Independent Facebook marketing strategist Jon Loomer’s perspective is that “On one hand we expect the numbers to be accurate, we need the numbers to be accurate. And Facebook, for the sake of perception and trusworthiness, needs the numbers to be accurate…That said most advertisers see reach and view time as secondary or even tertiary metrics. When determining whether something is working, we typically focus on actions like clicks or conversions.”
Meredith Xcelerated Marketing‘s strategy director Joe Gizzi says the error “artificially inflates the scale in Facebook’s favor compared against other platforms and social networks. What it doesn’t do is inflate costs; Facebook doesn’t charge for views of less than three seconds in these types of campaigns.” The agency won’t be moving spend off Facebook. “We see Facebook as a strong and important part of our clients’ marketing ecosystems, and continue to use it to target consumers where they are spending a significant amount of time.”

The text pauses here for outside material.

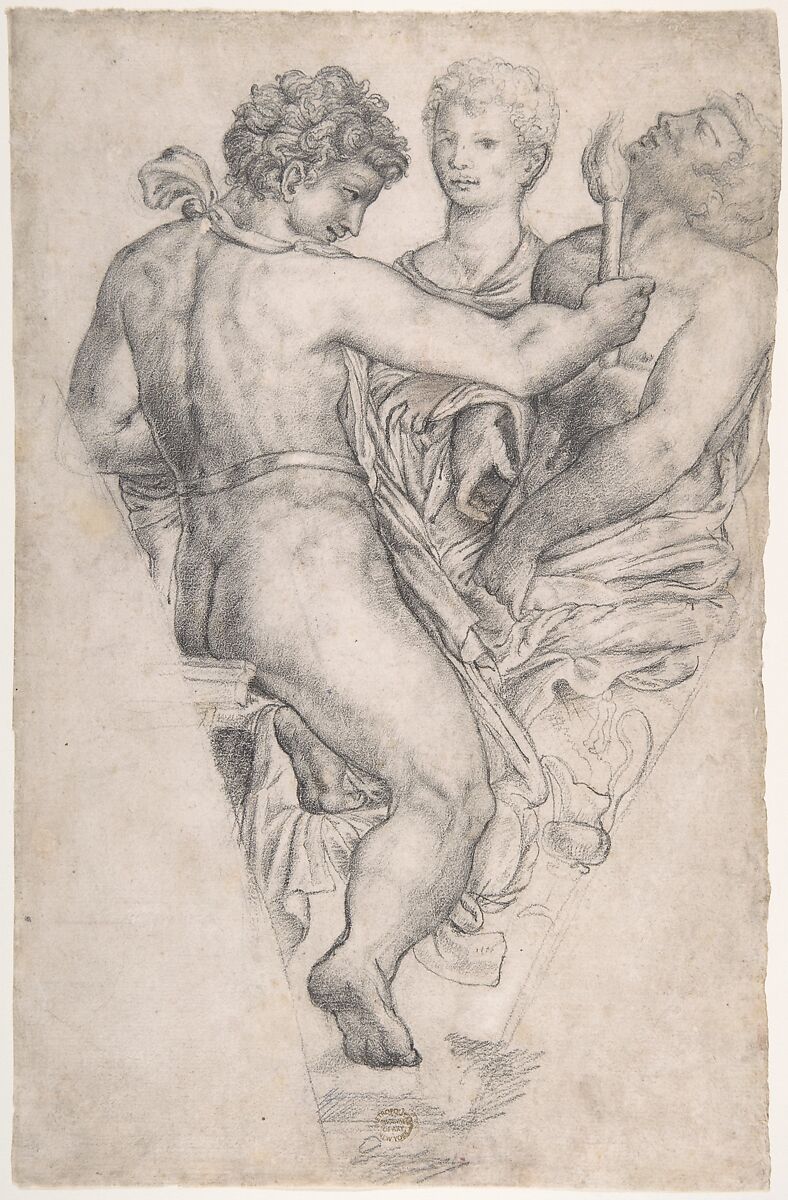 Composition for a Spandrel, Anonymous, Italian, 16th century (Italian, active Central Italy, ca. 1550–1580), Black chalk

Sameer Kazi, CEO of social media analytics giant Simply Measured tells us “Accurate data is always important, but for most marketers and advertisers, metrics like this aren’t the complete picture, they’re a part of a broader data set…Although the error in reporting these video metrics is regrettable, the fact that Facebook has self-reported and is reporting the correct numbers is to be applauded.”

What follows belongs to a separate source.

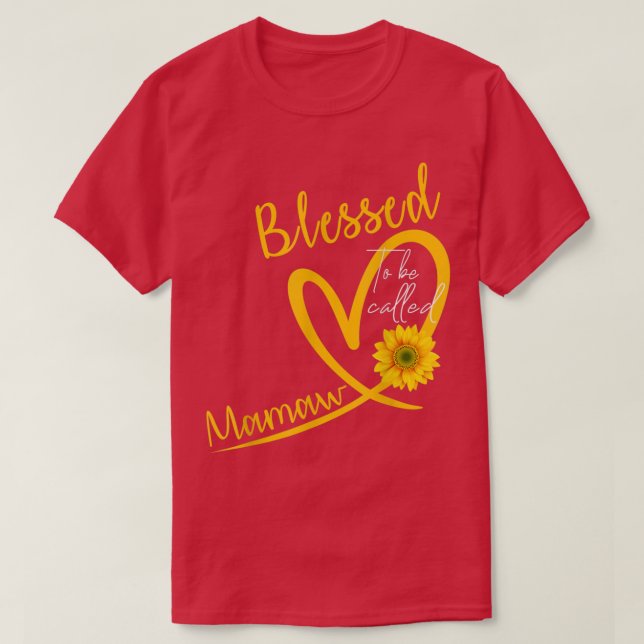 Blessed To Be Called Mamaw Heart Sunflower Mothers T-Shirt (Design Front)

Still, regardless of the impact of the scandal, it could rattle marketer trust in Facebook, which could in turn impact its ad revenue, which could be why Facebook’s share price is currently down about 1.6 percent today. “The doubt in accuracy may drive content and promotion elsewhere” said social analytics firm Sysomos’ Chief Product Officer Erica Jenkins.
Facebook is in a tough spot. If it too forcefully contests the report, it could feed into fears that Facebook have become so big that it’s unaccountable to advertisers or publishers. But its current apologetic response might leave people with the impression that the situation is worse than marketers on the ground think.
Ad and marketing platforms like Facebook should learn the lesson here that if you use non-standard metrics, you must be as clear and specific as possible about how something is measured. And if you run a company people already worry is destroying media while claiming not to be a media company, there’s little margin for error.